- Official film poster
- Directed by: Easa Shareef
- Written by: Mohamed Manik
- Screenplay by: Mohamed Manik Easa Shareef
- Produced by: Easa Shareef
- Starring: Asad Shareef Fathimath Nizar Fathimath Rahma Easa Shareef
- Cinematography: Hassan Latheef Amir Ali
- Edited by: Easa Shareef
- Production companies: D.H. Studio Easa Films
- Release date: 1990;
- Running time: 130 minutes
- Country: Maldives
- Language: Dhivehi

= Karunaige Agu =

1990 Maldivian film

Karunaige Agu is a 1990 Maldivian film directed by Easa Shareef. Produced by Shareef under D.H. Studio and Easa Films, the film stars Asad Shareef, Fathimath Nizar, Fathimath Rahma and Easa Shareef in pivotal roles.

==Premise==
Shahid Shareef (Asad Shareef), an intelligent doctor proposes his colleague, a hardworking nurse, Shiyana (Fathimath Rahma) who accepts him as her love interest despite being hesitant due to their social difference. Meanwhile, his impertinent mother, Shahidha (Fathimath Didi) arranges his marriage with a prideful daughter from a wealthy family, Shehenaz (Fathimath Nizar), whose father, also the step-father of Shahid, financed him with medical education. He gets heartbroken when he hear the news of his marriage being arranged to Shehenaz, though hopeless, he agrees to the wedding. The couples experience infertility and Shahid suggest that his plan for another marriage if his wife cannot conceive a baby for him. Shortly, Shehenaz discovers her husband's affair with Shiyana.
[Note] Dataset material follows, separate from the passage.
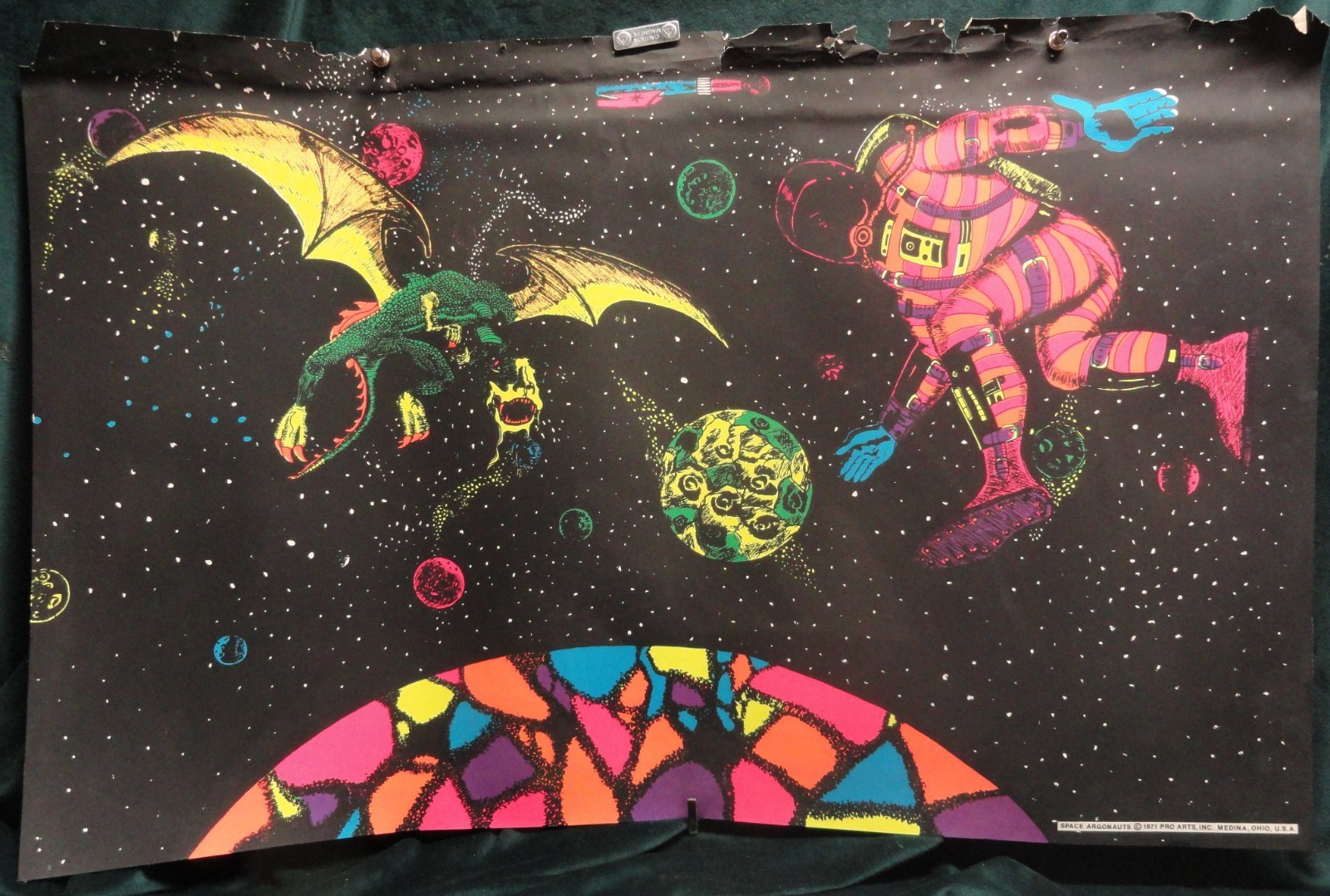 RARE Original 1971 SPACE ARGONAUTS Black Light Poster PRO-ARTS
Shahid's father, Muneer (Kaneeru Abdul Raheem), agrees him to marry Shiyana and this initiates a series of hurdles in the family. After the demise of Muneer and Shahidha, Shehenaz dominates in the house and undermines Shiyana at all her attempts. Soon after Shiyana gives birth to a healthy boy, Shahid has to leave abroad for a course. In the meantime, Shehenaz's friend, Ziyad (Easa Shareef) stays in their house. Shehenaz takes the opportunity to plant evidence against her as having an affair with Ziyad. Shiyana, nothing in her defense and none to protect her, is thrown out from Shahid's house.

== Cast ==
- Asad Shareef as Shahid Shareef
- Fathimath Nizar as Shehenaz
- Fathimath Rahma as Shiyana
- Easa Shareef as Ziyad
- Fathimath Didi as Shahidha
- Kaneeru Abdul Raheem as Muneer; Shehenaz's father
- Aishath as Shaaira
- Ahusan
- Sithi Fulhu as Shiyana's grandmother
- Jaleel as Wahid

==Soundtrack==

Track listing
| No. | Title | Lyrics | Singer(s) | Length |
|---|---|---|---|---|
| 1. | "Loaiybey Mithaa Bunevenee Ey" | Kaneeru Abdul Raheem | Abdul Hannan Moosa Didi |  |
| 2. | "Mifaraaiy Balaabalaashey" | Kaneeru Abdul Raheem | Abdul Hannan Moosa Didi, Shafeeqa Abdul Latheef |  |
| 3. | "Nikamethi Ehaa Dhera Meehakee" | Kaneeru Abdul Raheem | Shafeeqa Abdul Latheef |  |
| 4. | "Lavvaashi Rahumathugaa Kalaa" | Kaneeru Abdul Raheem | Shafeeqa Abdul Latheef |  |

==Response==
The film received mixed reviews from critics, where the performance of the lead actors and the songs by Abdul Hannan Moosa Didi were in particular praised by the critics.